Social Politics

One of the reasons I spent so much time yesterday focusing on Scott Alexander’s post, “I Can Tolerate Anything Except the Outgroup,” is because I see social behavior as having a greater and greater role in our political behavior. In fact, I suspect that Alexander is at least ten years younger than I am, and probably more like a dozen or fifteen years younger, because these “tribal” cultures and their associations with specific political parties have become closer than they were when I was young. Even the tribes themselves, or at least the stereotypes of their members, have become more solidified. Furthermore, I don’t think they would have been as strongly associated with someone’s identity in the past.
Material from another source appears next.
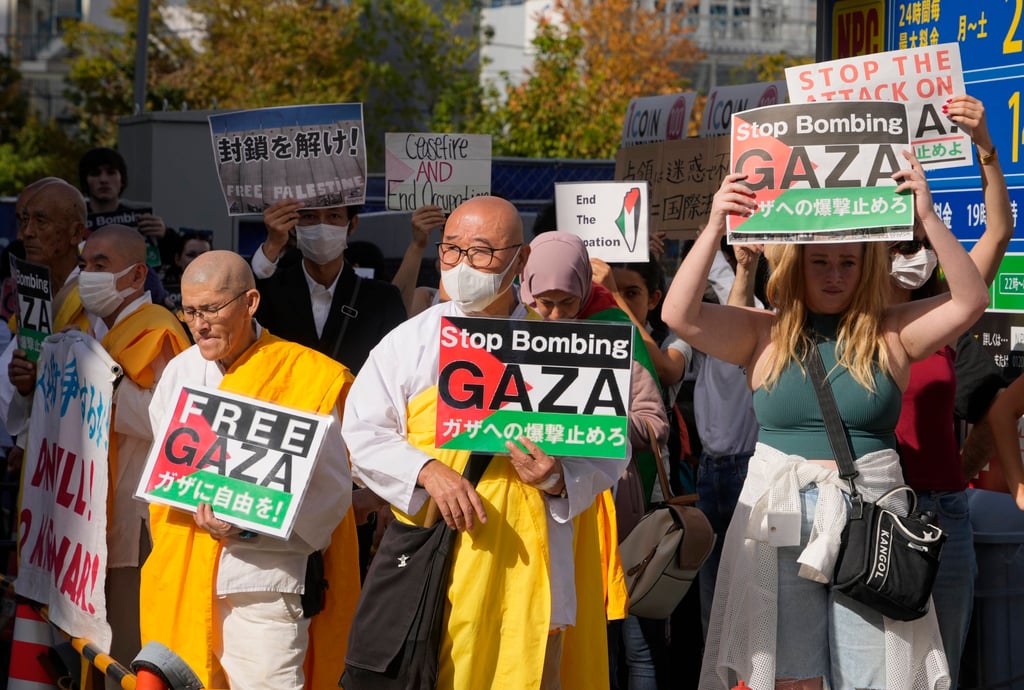 People hold banners during a rally against Israel’s military operations in Gaza near the embassy of Israel in Tokyo, Japan, on Saturday. Photo: EPA-EFE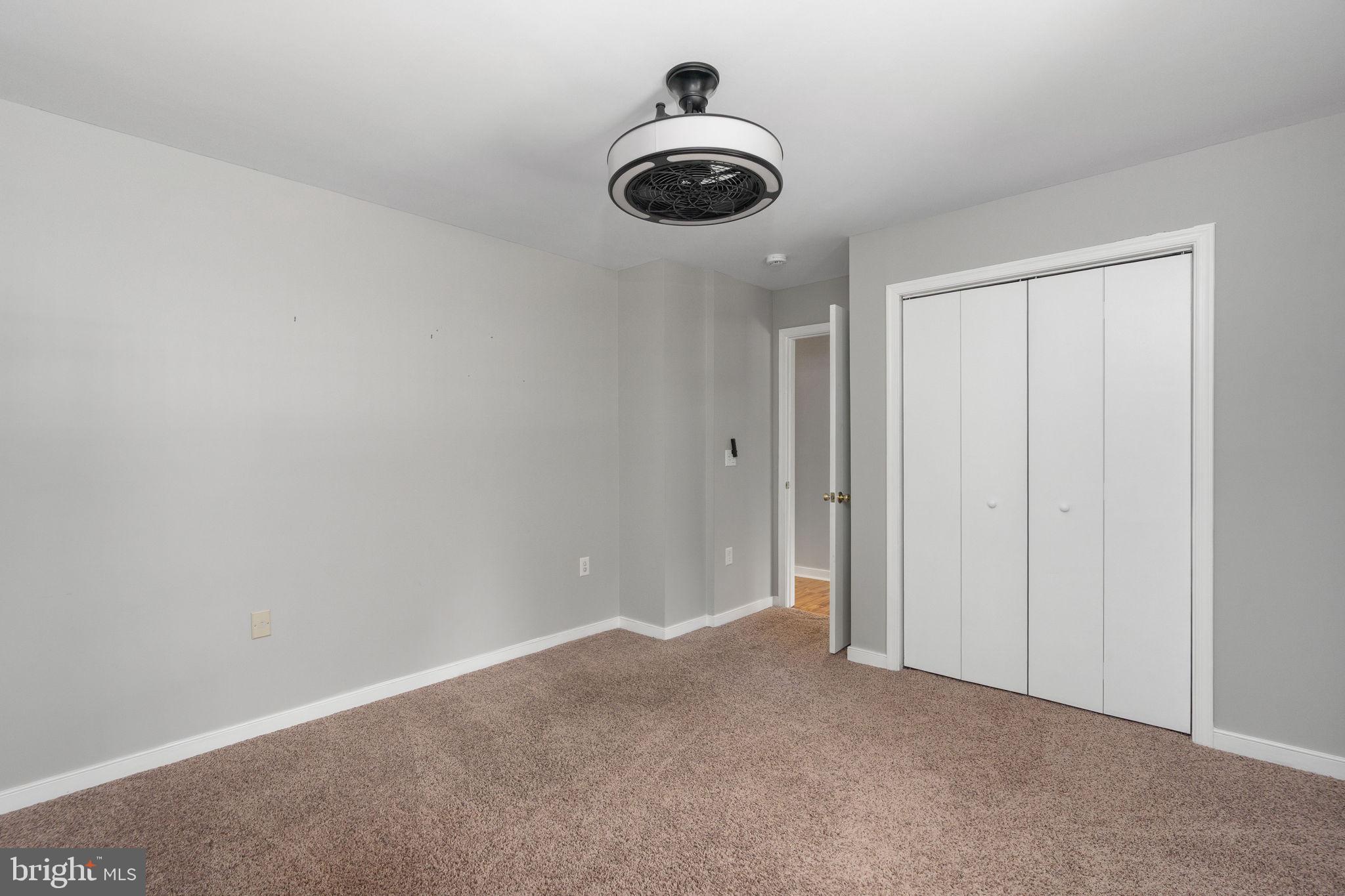 8009 Burrell Road Fredericksburg, VA 22407 - Photo 23 of 66 Spacious room with modern ceiling fan.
The stereotypes are so strong that sometimes it feels, when watching the media, that people who don’t conform to one or the other of them barely exist. Yet I know in my own personal life, the reality is quite the opposite. Very few people actually fit them well.

It would be an interesting thing to trace the emergence in the popular imagination of the Red and Blue Tribes. I imagine it would probably result in a book not unlike David Sirota’s Back To Our Future: How the 1980s Explain the World We Live in Now. A Wall Street Journal review of the book concludes:

Most egregiously, Mr. Sirota ignores MTV: There’s really no point in writing about ’80s pop culture without addressing its single biggest engine of influence. All you really need to know to understand the 1980s happened during two glorious cable-televised hours in July 1984. “Purple Rain” premiered. Prince welcomed Lionel Richie, John “Cougar” Mellencamp and Weird Al. Eddie Murphy wore a leopard-skin blazer. It was awesome. And David Sirota missed it.
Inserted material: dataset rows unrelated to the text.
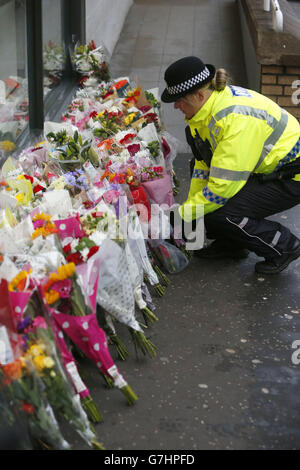 Un policier regarde des fleurs près de la scène à George Square, à Glasgow, où un camion-benne s'est écrasé sur un groupe de piétons qui a fait six morts. Banque D'Images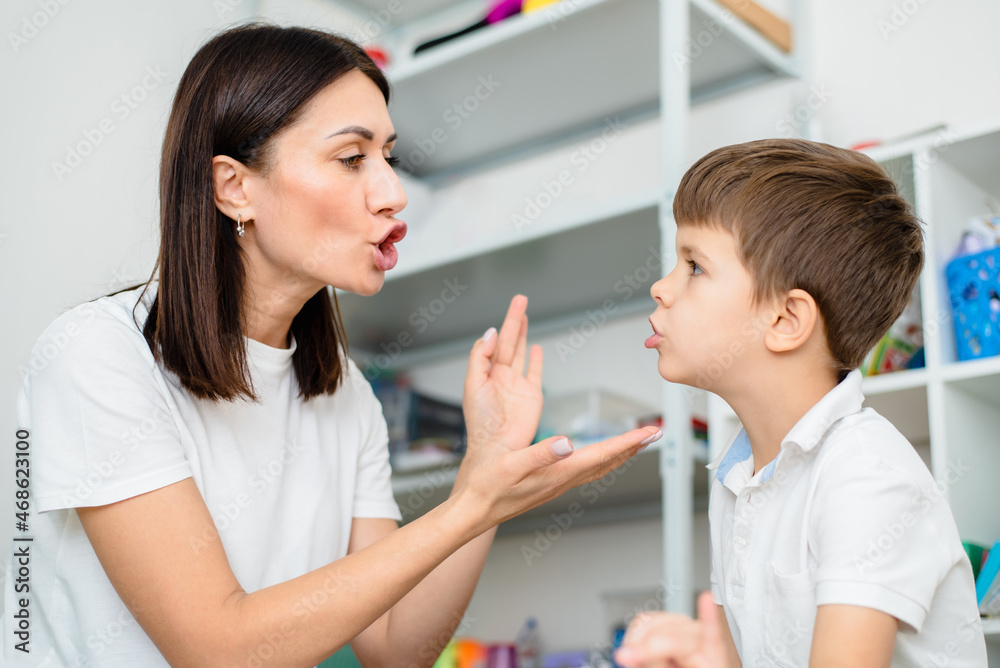 Cute woman speech therapist teaches child to pronounce words sounds and letters correctly in office Cute woman speech therapist teaches child to pronounce words sounds and letters correctly in office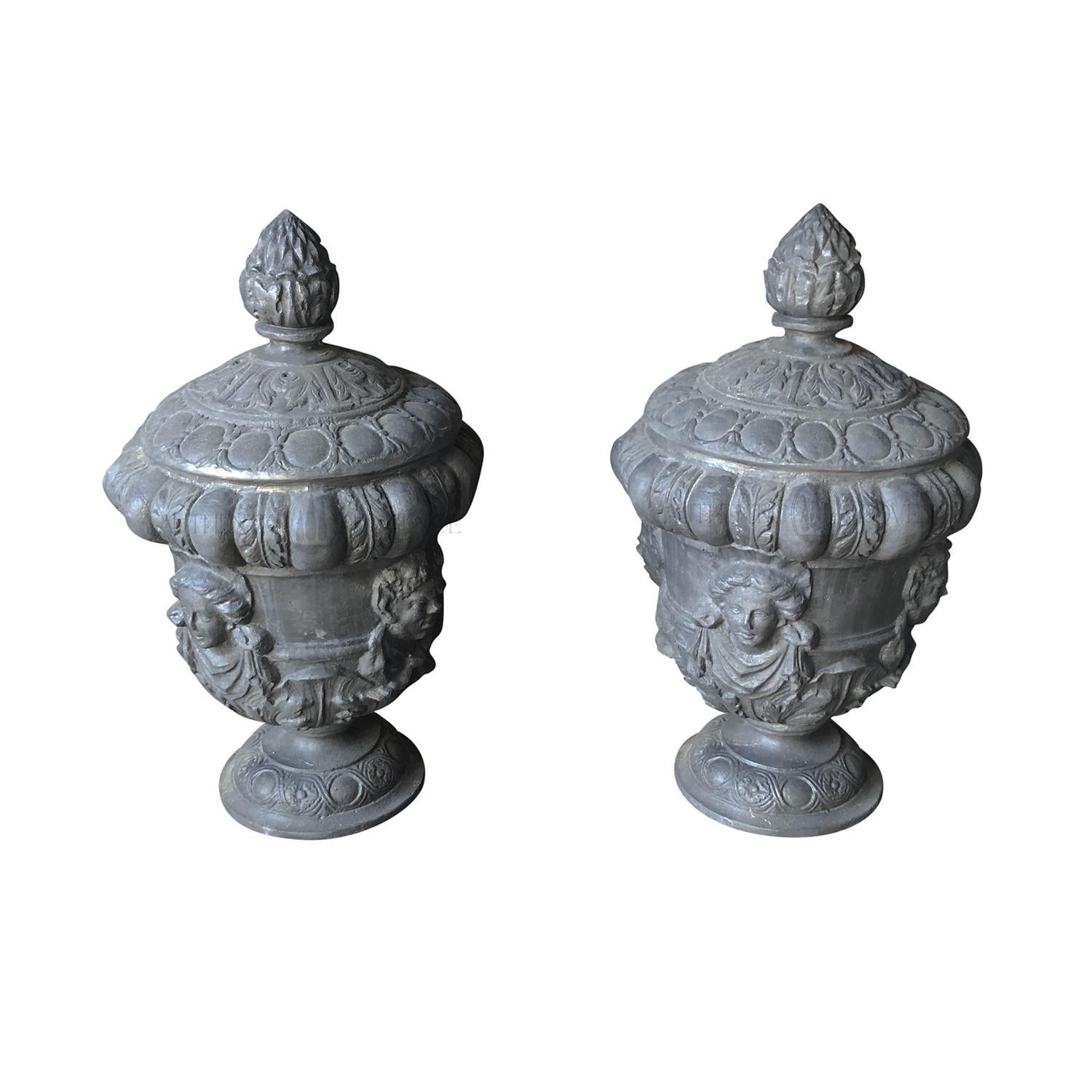 A finely worked pair of 20th Century Queen Anne Finials or garden urns in lead on circular socles, in good condition. From an early 18th Century lead casting, similar can be seen at Hyde Park Corner. During the late 17th and 18th Century, lead urns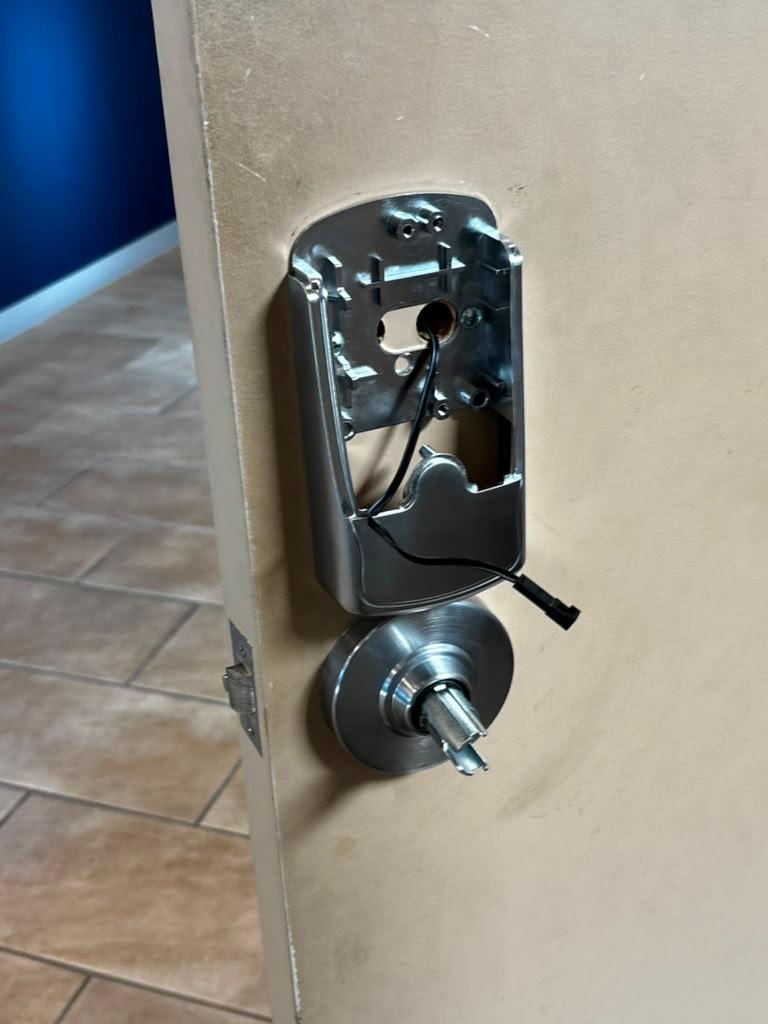 Smart lock wiring and mounting during installation.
It shows the great difficulty in trying to understand the origins of how we see ourselves. Which popular culture examples are salient? It remains, however, that our own personal contacts are too few, limited and diverse to be useful in generalizing about larger cultural trends. The sense that there are categories like yuppies, metrosexuals, rednecks and so on comes in large part from popular culture. As I never tire of trying to explain to people outside the U.S. who think we have preachers on every corner, if I had to rely on my first hand experience, I’d think evangelicals were a strange curiosity, and I’d only know of them because one of my mother’s friends sons converted. He’d just be a weirdo with some highly unconventional religious beliefs. It’s only due to the fact that we can get news from other parts of the country that we know that there are others like him and his beliefs are not unusual at all.

Off the top of my head, I see two things as the driving forces behind the tribalization of politics. The first is the role of modern marketing techniques in political races. The public first became aware of the work of advertisers in modern political campaigns when Joe McGinniss’ book The Selling of the President appeared. Advertisers sell their products based on associations and emotional appeal. Creating a stereotype of the audience is part of the process. This stereotype must have enough connection to reality to be useful.
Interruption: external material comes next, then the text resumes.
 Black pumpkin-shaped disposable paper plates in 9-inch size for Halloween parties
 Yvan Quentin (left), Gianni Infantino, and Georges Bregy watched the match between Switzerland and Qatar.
If the rise of mass communications, especially television, created the methods for selling candidates that were brought to light by McGinniss, the rise of social media needs to be taken into account regarding the current situation. The ability to tweet one’s support of a candidate or a position, or post a comment on Facebook, brings social pressure to bear on one’s political views in a way it did not in the past. I suspect that this will lead to a greater homogeneity of political views within social circles.

Within the past few weeks, I’ve found myself growing distrustful of statements like, “I’m a conservative,” or “I’m a liberal.” What are we really trying to say? Are we summarizing our political views, or indicating tribal allegiances. I like to think that I’m a liberal because “liberal” is a useful term which can give a person a general notion of my political views without having to give a long-winded explanation of what my positions are on a variety of contemporary issues and the ideology that caused me to arrive at those positions. The positions come first and the label “liberal” is a conclusion. It would be mistake to first decide that I am a “liberal” and then afterwards form my beliefs to conform to that self-image. However, with this Red Tribe / Blue Tribe identity and the rise of social media, I’m afraid many people are doing just that.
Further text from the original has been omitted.